Fence instructions enforce memory ordering. FENCE with predecessor and successor sets (r, w, rw) creates ordering between memory operations. FENCE RW, RW is a full barrier preventing all reordering. FENCE W, W orders stores (for publish). FENCE R, RW orders loads before subsequent accesses (for acquire). FENCE RW, W orders all accesses before stores (for release). FENCE.I synchronizes instruction and data caches after code modification.

Atomic instructions provide indivisible read-modify-write operations essential for synchronization. Load-Reserved/Store-Conditional (LR/SC) implements lock-free algorithms: LR loads and reserves, SC stores only if the reservation is still valid. Atomic Memory Operations (AMO) like AMOSWAP, AMOADD, and AMOAND perform atomic operations directly. Acquire and release annotations (.aq, .rl) provide ordering without separate fences.

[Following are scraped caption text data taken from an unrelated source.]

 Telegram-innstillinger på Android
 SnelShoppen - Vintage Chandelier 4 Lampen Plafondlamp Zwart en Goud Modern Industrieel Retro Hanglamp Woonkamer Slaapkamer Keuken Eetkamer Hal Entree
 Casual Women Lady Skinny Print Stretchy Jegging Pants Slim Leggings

The Total Store Ordering (RVTSO) extension provides stronger ordering compatible with x86’s TSO model. RVTSO preserves all orderings except store-load, making it easier to port x86 code but potentially reducing performance. Most RISC-V implementations use RVWMO for better performance, but RVTSO is available for compatibility.

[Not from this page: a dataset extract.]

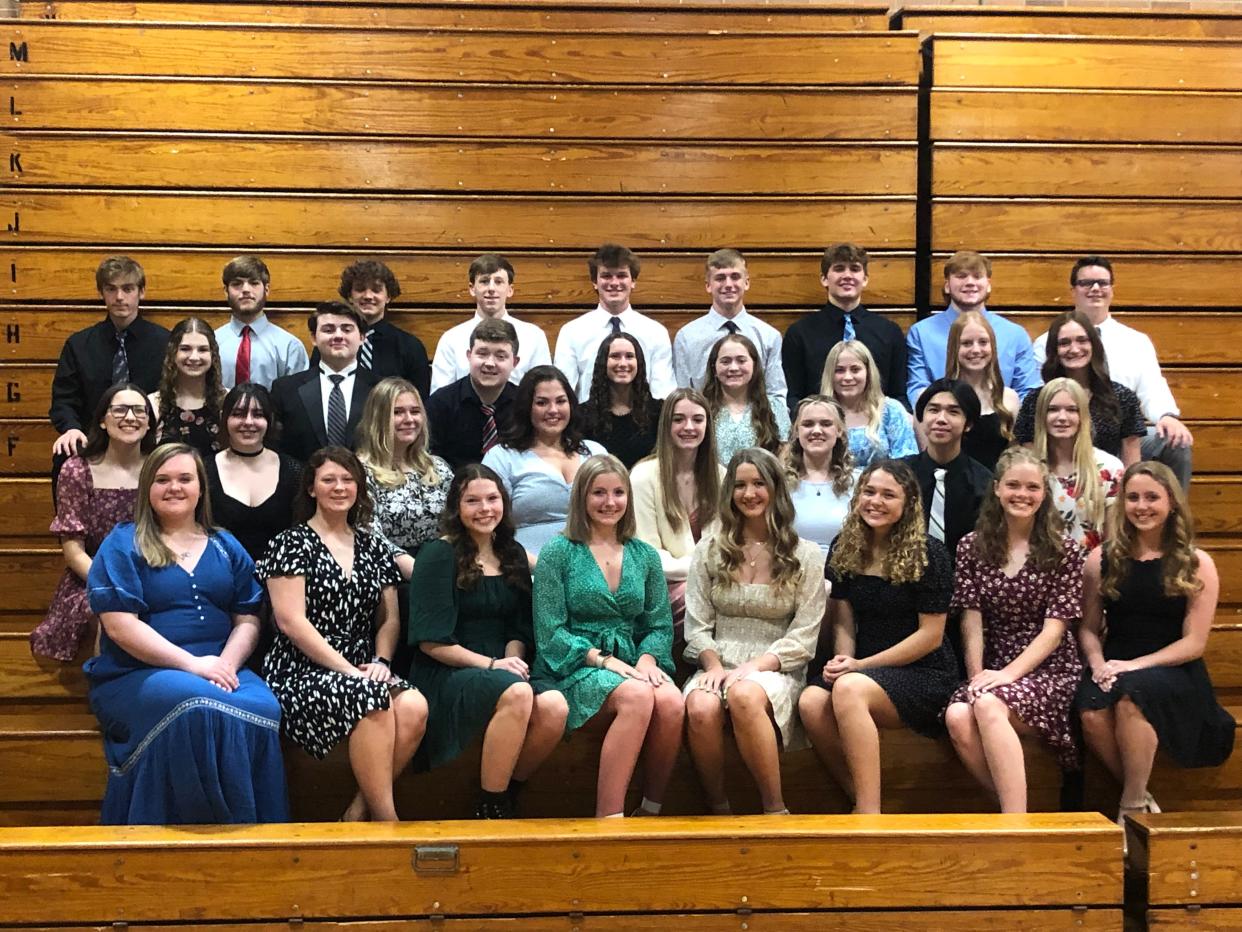 Members of West Branch High School's National Honor Society include, first row from left, Morgan Brown, Alexis Pierce, Adele Peters, Abbey Wilson, Hannah Egli, Emily Sprowl, Kaylee Burcaw and Haley Hazelbaker; second row from left, Makiah Kutz, Jocelyn Carte, Ella Scofinsky, Jillian Zamarelli, Chelsea Tharp, Allyson Hartzell, Croesus Brock and Lachlan Cameron; third row from left, Allison Zion, Wyatt Courtright, Brandon Scheiben, Anna Curry, McKenzie Whitted, Taylor Whitted, Alexis Gregory and Claire Brunner; and, fourth row from left, Josiah Hicks, Kyle Graham, Christian Martig, Landon Wilson, Dru DeShields, Michael Kanagy, Thomas Egli, Mitchell Coffee and Lleyton Uphold.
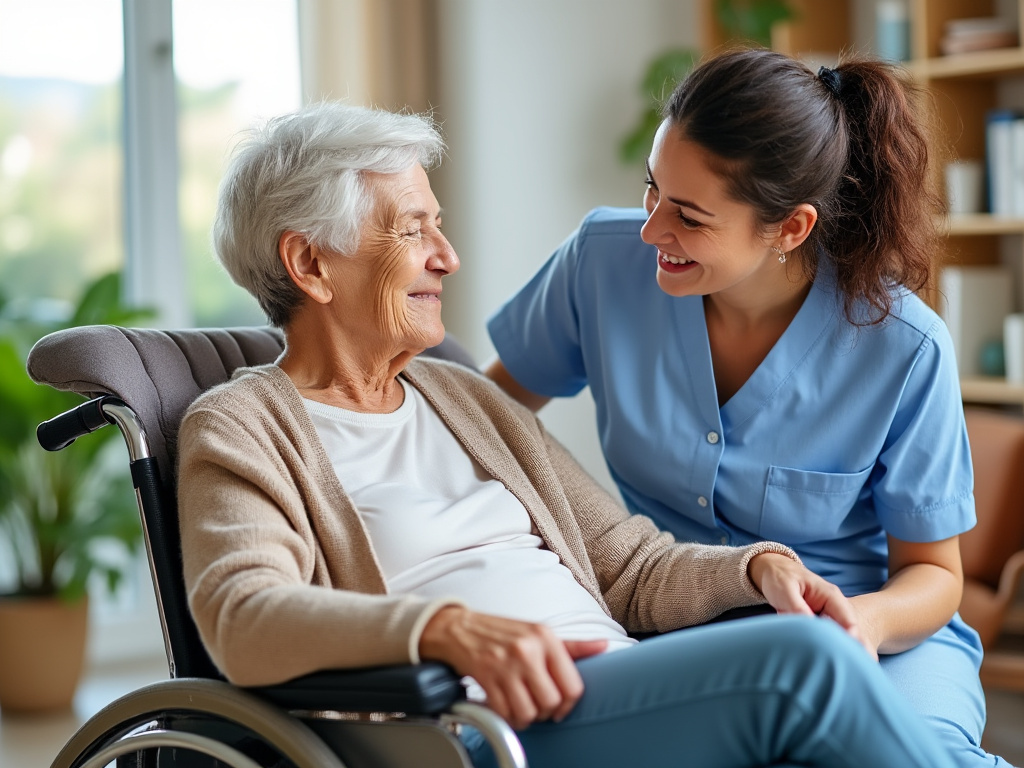Personne âgée accompagnée à domicile par un proche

Common synchronization patterns include spinlocks (using AMOSWAP or LR/SC), mutexes (with futex system calls for blocking), barriers (using atomic counters), and lock-free data structures (using LR/SC for ABA-safe updates). Each pattern requires careful fence placement to ensure correctness under RVWMO.

Compared to ARM and x86, RISC-V’s memory model is similar to ARM’s (both are weakly ordered) but simpler and more formally specified. x86’s TSO model is stronger, preserving more orderings by default, which simplifies programming but may reduce performance. RISC-V’s RVTSO extension provides x86 compatibility when needed.

Memory ordering bugs are notoriously difficult to debug—they occur rarely, non-deterministically, and may disappear when debugging code is added. Strategies include using memory model checking tools (herd7, rmem), thread sanitizers (ThreadSanitizer), formal verification, and careful code review. RISC-V’s formal memory model specification enables rigorous verification of concurrent algorithms.